Tan sexy como la voz de Eddie Vedder


EDDIE-VEDDERDe fondo Yellow Ledbetter de Pearl Jam, en la barra de un viejo bar de la ciudad de Guadalajara, una pacifico caliente, y un cigarro encendido que se consume al ritmo de la melodía, mis dedos no dejan de jugar con la cajetilla de mis tabacos, miro fijamente la madera vieja de la barra, no me percato de lo que sucede alrededor de mí, sencillamente estoy ida, pensando no se qué y en no sé quien, es noche, y el bar comienza a sentirse un poco más denso y solitario a pesar de que hay personas sentadas alrededor de mí; de repente percibo una voz, tan sexy como la que estoy escuchando,  levanto la mirada y ahí está frente a mí, sonrisa estridente, cuerpo abstracto y cabellera desaliñada, pienso –mmm nada mal – me pide fuego, lo cual de inmediato busco mi encendedor y le prendo su cigarrillo, hace a un lado su cabellera negra, ladea su cabeza, y su ojos se posan en los míos, mientras yo nerviosa regreso a mi posición original; sonrío un poco y le doy un trago a mi cerveza ya quemada, levanto la mirada y busco al bartender, le hago una señal y asiente con la cabeza, -Tengo sed- pienso,  la música de la vieja rockola no deja de sonar, mi chico de voz sexy sigue al lado de mí, silencioso y pensativo; debo confesar que su presencia me perturba y eriza la piel, que hombre tan estrepitosamente masculino, lo imagino de mil y un maneras conmigo (jejeje) sonrío un poco y entre el ruido de aquel bar, vuelvo a oírlo, – vaya, sabes sonreír – mi corazón hace un ¡pum pum!, le doy un trago largo y tendido a mi cerveza y le respondo – claro, así como tú, sabes hablar- suelta una sonora y muy pero muy vigorosa carcajada, acerca su banco un poco más hacia donde yo estoy, toma mi encendedor (sin permiso) prende su segundo cigarro, le da un trago a su whisky, me mira fijamente, me toma de la cabeza, me lleva hacia el, y nos fundimos en un largo y feroz beso, su boca sabe a tabaco, sus manos toman mi cara, mi cuerpo y el de el en unísono nos movemos al ritmo de esa mugrienta rockola,  nuestros corazones laten a la velocidad que nuestras manos se mueven, sin darme cuenta estamos contra la pared de ese bar, en un rincón donde solo la oscuridad y una pequeño foco saben de nuestra presencia, yo concentrada en sus labios y hermosos ojos y el, el en mí, muy en el fondo de mis pensamientos el eco de su voz, su estrepitosa voz.

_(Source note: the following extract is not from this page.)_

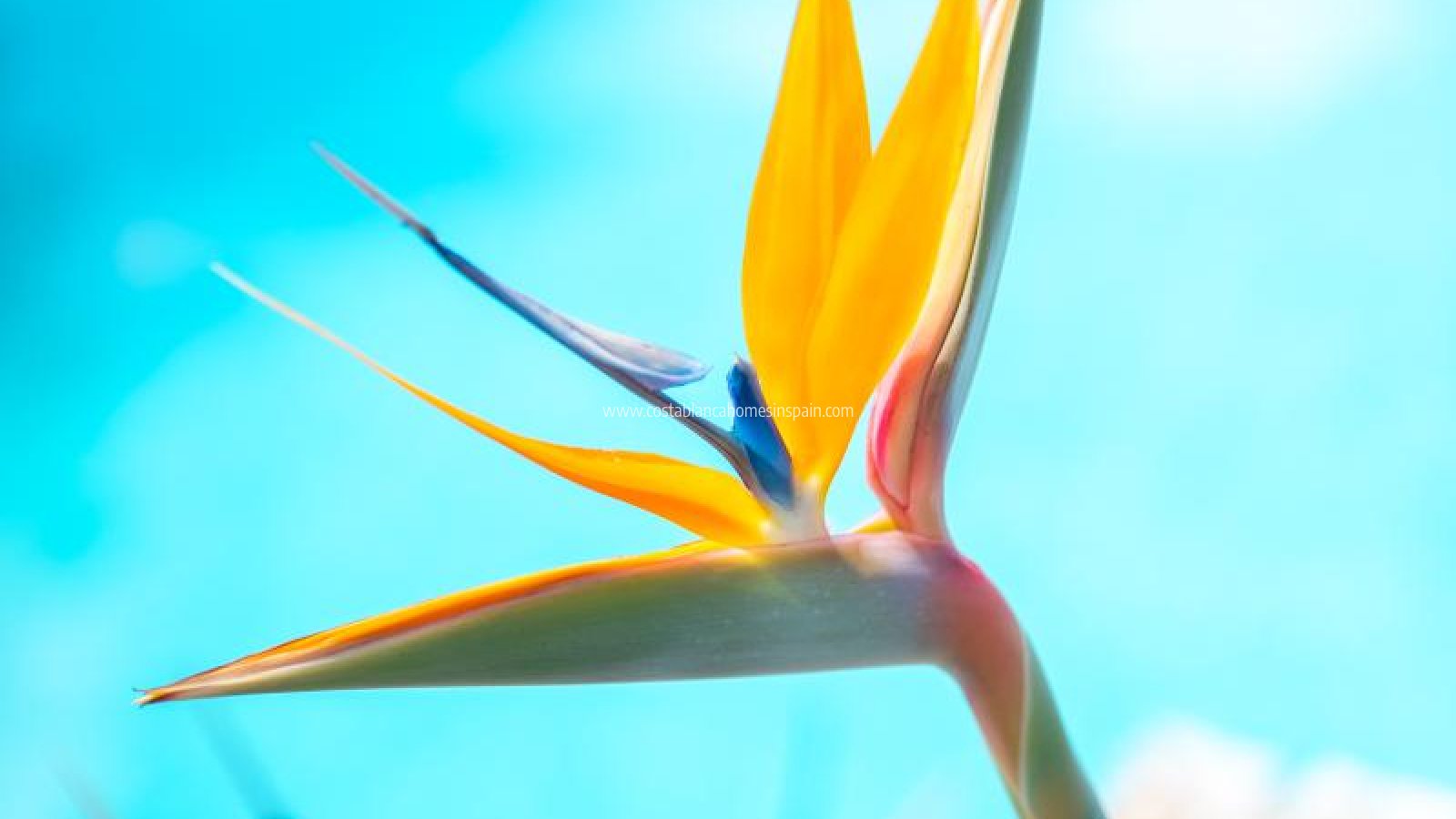 Venta - Apartment - Pilar de La Horadada - Pilar de la Horadada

Somos uno en medio de la noche.

Al abrir los ojos, mi hombre de cabellera larga y oscura, de labios salvajes y arrebatados, se habían esfumado, una luz me fastidia y un sonido talante se escucha de fondo, ya no son los Pearl Jam, es la alarma de mi odioso despertador.

Desde ese día, todas las noches me pongo mis audífonos, prendo mi playlist solo con un sencillo motivo de volver a escuchar la voz de mi extasiante Eddie Vedder y regresar a ese solitario lugar donde alguna vez en un sueño me encontré con ese hombre de cabellera larga y despeinada, y de voz tan escandalosa como la de Eddie.